Los principales gremios estatales: Suoem, SEP y UEPC, tiraron abajo en el primer semestre las irreales proyecciones inflacionarias que el gobierno nacional trazó para todo el 2018. La aplicación de cláusulas “gatillo” fue la encargada de acomodar las expectativas a la realidad.



Por Felipe Osman

A fines del año pasado el gobierno nacional dio a conocer sus expectativas inflacionarias para 2018: 15 por ciento –décimas más, décimas menos-. A la luz de los hechos, estas proyecciones parecen haber sido más una expresión de deseo que una representación razonada del futuro inmediato de la economía. Incluso las realizadas por privados, que auguraban un 18 por ciento de inflación, quedaron (muy) cortas.
Pero no era la primera vez que la Casa Rosada impostaba un desmesurado optimismo, y los gremios –que ya habían tomado nota de ello- buscaron un reaseguro con la inclusión de cláusulas de reajuste automático en los acuerdos paritarios que acompañaran el crecimiento de la inflación, para que “los precios no le ganen a los salarios”.
En Córdoba, los tres principales gremios estatales: el Sindicato de Empleados Públicos (SEP), el Sindicato de Empleados Municipales (Suoem) y los docentes provinciales (UEPC), exigieron la incorporación de estas “cláusulas gatillo”, y tanto la Provincia como la Municipalidad atendieron al reclamo. En fin de cuentas, no resultaría sencillo argumentar en contra de un pedido que consiste -ni en más, ni en menos- que mantener el poder adquisitivo sin que éste sea corroído por la inflación.
El sindicato liderado por José “Pepe” Pihen fue el primero en resolver su paritaria. Promediando diciembre de 2017, el SEP convino con la Provincia un aumento escalonado en dos cuotas, más la inclusión de la “cláusula gatillo” y el compromiso de pase a planta de unos 4.800 contratados.
Según lo pactado, el primer aumento, del 6 por ciento, sería otorgado a partir del primero de enero. La segunda actualización, del 5 por ciento, sería reconocida a partir de mayo y, finalmente, se revisaría mensualmente el salario a partir de septiembre, para garantizar que la inflación no lo dejara atrás.
Los docentes, encolumnados detrás de Juan Monserrat, pactaron en marzo un aumento del 15 por ciento en tres tramos: 8 por ciento a partir de febrero, 5 por ciento más a partir de junio y otro 2 por ciento más a partir de septiembre. Y sobre ellos, desde luego, un reajuste por cláusula gatillo cuando el Índice de Precios al Consumidor (IPC) Córdoba superara el porcentaje adelantado.

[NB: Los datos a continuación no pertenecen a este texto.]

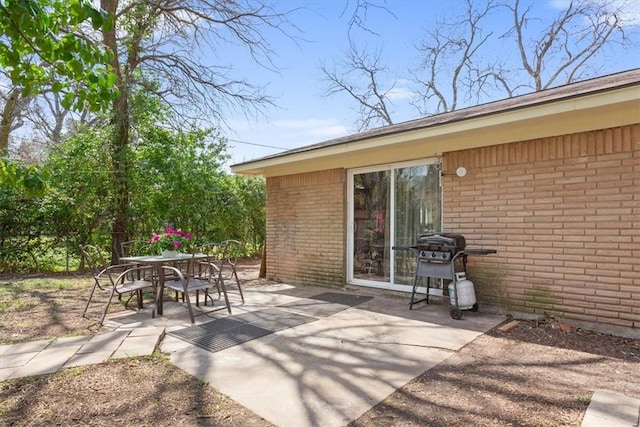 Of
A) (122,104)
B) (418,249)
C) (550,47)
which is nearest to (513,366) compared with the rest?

En la Municipalidad, en tanto, se acordó con el Suoem un mecanismo de cálculo automático para la actualización de los haberes que tomaría como base un “mix” de los índices de inflación elaborados por el INDEC, por la Dirección General de Estadísticas y Censos de la Provincia de Córdoba, y también por los institutos oficiales de la Ciudad Autónoma de Buenos Aires, Santa Fe y San Luis.
Apenas promediando el 2018, y por efecto de los inexactos –cuando no insidiosos- cálculos de la Nación, las actualizaciones salariales de todos estos gremios se encuentran a punto de exceder el 15 por ciento proyectado para todo el año.
En el caso de los docentes, y por efectos de la cláusula gatillo, la actualización llegó al 13 por ciento con el pago de los salarios de junio. En el SEP, el reajuste de los haberes ya rompió la barrera del 11 por ciento a la que esperaba llegarse –recién- con el sueldo de septiembre. Los empleados públicos percibieron sus haberes de junio con un reacomodamiento del 12,25 por ciento.
Los municipales, en tanto, cobraron el mes de mayo con un aumento acumulado del 12,30 por ciento, y aún resta conocer cuál será el incremento acumulado para junio, ya que todavía no se publicaron todos los índices inflacionarios en los que se basa el cálculo del reajuste para el último mes del primer semestre.